The prevailing assumption in many economic development models is that informal or traditional sectors will, over time, "graduate" into more formalized or digital layers---a linear and hierarchical progression. However, empirical realities in Indonesia challenge this model. The 4-Layer Asymmetric Economy Model posits that these layers interact in non-hierarchical, parallel, and segmentative ways.

1. Non-Linear Progression

The four layers do not represent a linear staircase of development from "primitive" to "advanced." Many actors in Layer 1 (traditional economy) remain productive and profitable without ever transitioning to Layer 2 (industrial economy) or Layer 3 (digital platforms). Similarly, actors in Layer 2 may not adopt Layer 4 (AI-based systems) due to high complexity or misalignment with operational needs.

This calls into question development narratives that implicitly regard digitization or formalization as the sole trajectory of progress.

2. Segmentative Structure

Each layer is characterized by a self-sustaining internal logic---regarding labor organization, transactional tools, technological interface, and market relations. These logics do not necessarily intersect or flow naturally into one another. For example:

A small family-run food stall (Layer 1) may continue to thrive in a cash economy despite proximity to Layer 3's cashless customers.
A small factory (Layer 2) may operate with a formal structure but rely entirely on Layer 1's informal logistics and sales agents.
This segmentative reality creates friction and asymmetry in economic policymaking, as efforts to scale up or integrate sectors may overlook the incommensurability of their underlying systems.

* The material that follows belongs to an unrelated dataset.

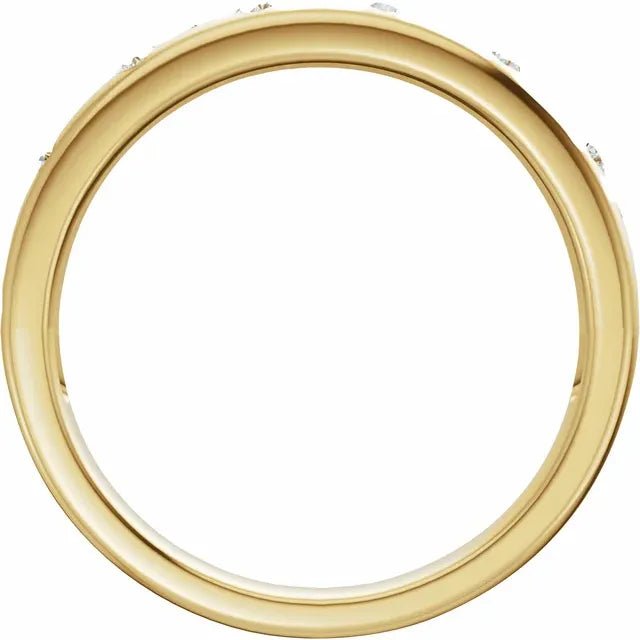 Round Natural Diamond Gold Cigar Band Side View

3. Parallel and Selective Interaction

While layers can and do interact, the connections are often selective, conditional, and asymmetric. For example:

A Layer 3 merchant selling on Shopee might source goods from a Layer 2 factory, but the factory itself may lack any digital presence.
A Layer 4 fintech application may offer microloans to Layer 1 street vendors using behavioral AI, yet without recognizing the vendor's actual market conditions or social capital.
QRIS adoption by a traditional vendor doesn't imply digital market integration---it may serve only as a payment tool, not a shift in business model.
These parallel flows of value, goods, and information signal that Indonesia's economy is not converging into a single digital economy, but expanding outward into multiple concurrent economies.